The 2024 Elections Didn’t End the Culture Wars
 
The 2024 Elections Didn’t End the Culture Wars
Written By Oliver Perry   |   12.07.24
Reading Time: 5 minutes

Donald Trump won the 2024 election for president.

But that doesn’t mean things are all right, and that we can collectively go back to sleep. Consider these issues:

“To achieve a better outcome, the world must act jointly and swiftly to revamp all aspects of our societies and economies, from education to social contracts and working conditions. Every country, from the United States to China, must participate, and every industry, from oil and gas to tech, must be transformed. In short, we need a ‘Great Reset’ of capitalism.”

If we heed this call we all become government slaves.

  • We’re informed that America has a “post-Christian” society, and that nothing can be done to regain widespread acceptance of Christian values.
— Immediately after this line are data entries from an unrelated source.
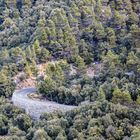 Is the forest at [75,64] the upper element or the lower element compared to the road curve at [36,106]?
upper

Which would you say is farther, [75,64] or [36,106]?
[75,64]

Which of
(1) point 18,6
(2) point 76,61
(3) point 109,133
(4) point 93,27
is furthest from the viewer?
(1) point 18,6

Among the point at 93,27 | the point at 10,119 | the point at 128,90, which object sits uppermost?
the point at 93,27

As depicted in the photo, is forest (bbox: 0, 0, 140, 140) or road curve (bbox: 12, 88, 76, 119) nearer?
forest (bbox: 0, 0, 140, 140)

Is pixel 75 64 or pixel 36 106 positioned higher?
pixel 75 64

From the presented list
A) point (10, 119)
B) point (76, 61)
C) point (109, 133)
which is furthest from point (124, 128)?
point (76, 61)

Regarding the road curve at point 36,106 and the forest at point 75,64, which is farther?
the road curve at point 36,106

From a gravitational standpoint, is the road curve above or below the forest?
below

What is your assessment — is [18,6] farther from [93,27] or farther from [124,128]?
[124,128] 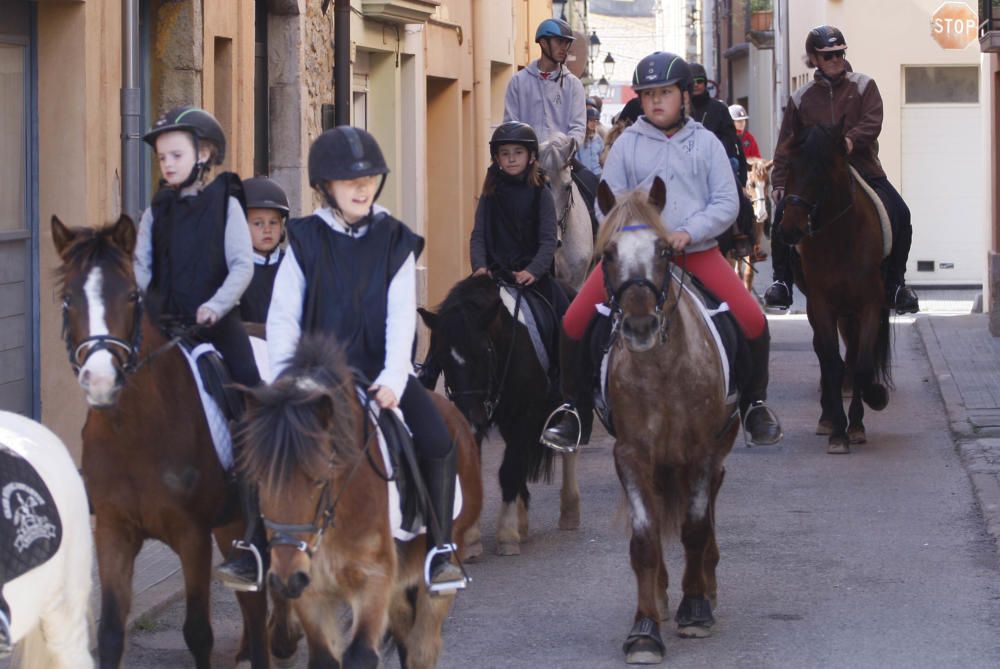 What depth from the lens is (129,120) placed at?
10969 mm

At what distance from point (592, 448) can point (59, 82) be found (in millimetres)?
4901

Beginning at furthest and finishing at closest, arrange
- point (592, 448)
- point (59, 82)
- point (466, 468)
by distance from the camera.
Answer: point (592, 448)
point (59, 82)
point (466, 468)

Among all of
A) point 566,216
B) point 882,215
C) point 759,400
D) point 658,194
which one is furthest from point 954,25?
point 658,194

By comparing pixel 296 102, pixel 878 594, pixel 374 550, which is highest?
pixel 296 102

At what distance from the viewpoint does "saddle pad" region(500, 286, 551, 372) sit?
984 centimetres

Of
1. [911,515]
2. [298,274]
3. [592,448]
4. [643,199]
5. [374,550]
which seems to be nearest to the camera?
[374,550]

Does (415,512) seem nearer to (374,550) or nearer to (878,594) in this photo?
(374,550)

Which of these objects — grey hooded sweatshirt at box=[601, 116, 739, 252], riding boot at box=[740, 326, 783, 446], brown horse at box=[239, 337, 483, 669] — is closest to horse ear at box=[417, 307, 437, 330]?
grey hooded sweatshirt at box=[601, 116, 739, 252]

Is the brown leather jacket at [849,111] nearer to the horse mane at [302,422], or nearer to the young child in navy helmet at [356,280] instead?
the young child in navy helmet at [356,280]

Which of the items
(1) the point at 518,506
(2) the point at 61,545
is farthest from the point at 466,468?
(1) the point at 518,506

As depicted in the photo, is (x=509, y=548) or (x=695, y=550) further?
(x=509, y=548)

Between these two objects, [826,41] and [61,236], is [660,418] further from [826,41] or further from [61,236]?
[826,41]

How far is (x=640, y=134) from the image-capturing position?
8.23 metres

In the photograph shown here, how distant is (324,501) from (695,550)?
282 cm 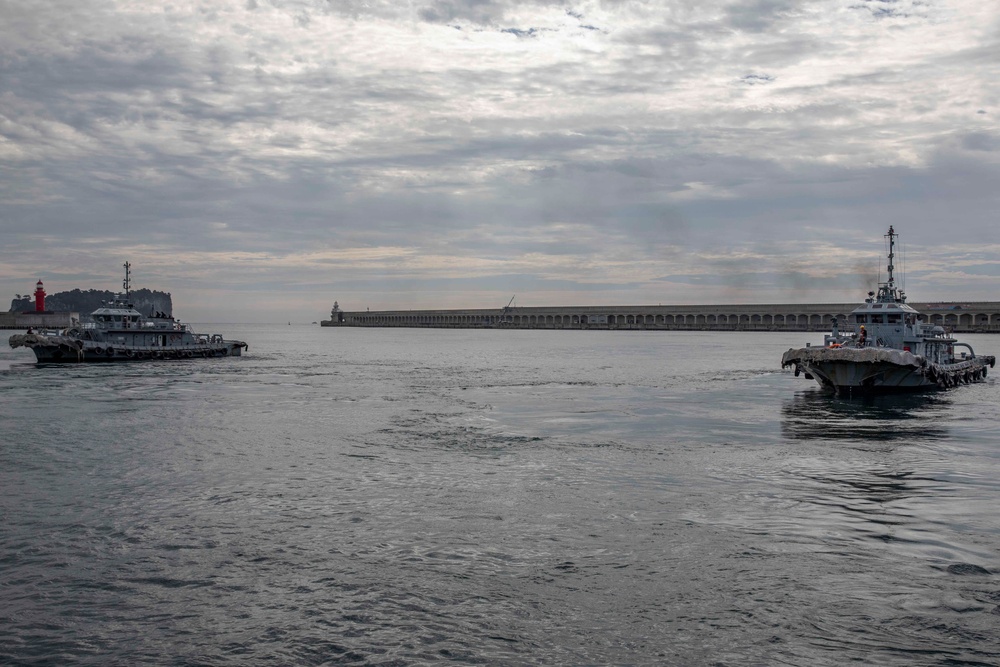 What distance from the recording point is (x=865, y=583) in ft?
46.3

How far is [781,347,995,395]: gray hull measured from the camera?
151 ft

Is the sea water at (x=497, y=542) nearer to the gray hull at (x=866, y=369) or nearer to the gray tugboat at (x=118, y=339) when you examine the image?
the gray hull at (x=866, y=369)

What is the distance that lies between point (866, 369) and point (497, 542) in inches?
1446

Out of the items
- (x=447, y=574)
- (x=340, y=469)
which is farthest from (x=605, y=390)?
(x=447, y=574)

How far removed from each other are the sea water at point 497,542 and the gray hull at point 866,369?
31.6 ft

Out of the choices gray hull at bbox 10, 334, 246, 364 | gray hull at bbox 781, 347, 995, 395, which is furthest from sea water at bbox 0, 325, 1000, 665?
→ gray hull at bbox 10, 334, 246, 364

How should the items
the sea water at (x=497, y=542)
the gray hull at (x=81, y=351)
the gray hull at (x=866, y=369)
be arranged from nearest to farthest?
the sea water at (x=497, y=542)
the gray hull at (x=866, y=369)
the gray hull at (x=81, y=351)

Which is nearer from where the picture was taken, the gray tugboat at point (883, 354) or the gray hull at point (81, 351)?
the gray tugboat at point (883, 354)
Perhaps I can advise on that last issue. My article declares:

1.) Winning or losing elections isn’t decisive. Rather, change the culture and election results will follow.

2.) We’re not in a post-Christian culture. America still likes being a Christian society.

3.) Remove Christianity from our culture and you’re left with an ugly, “every man for himself” society.

4.) America seems ambivalent about its existing culture because its Christians haven’t been serious about fulfilling the Great Commission.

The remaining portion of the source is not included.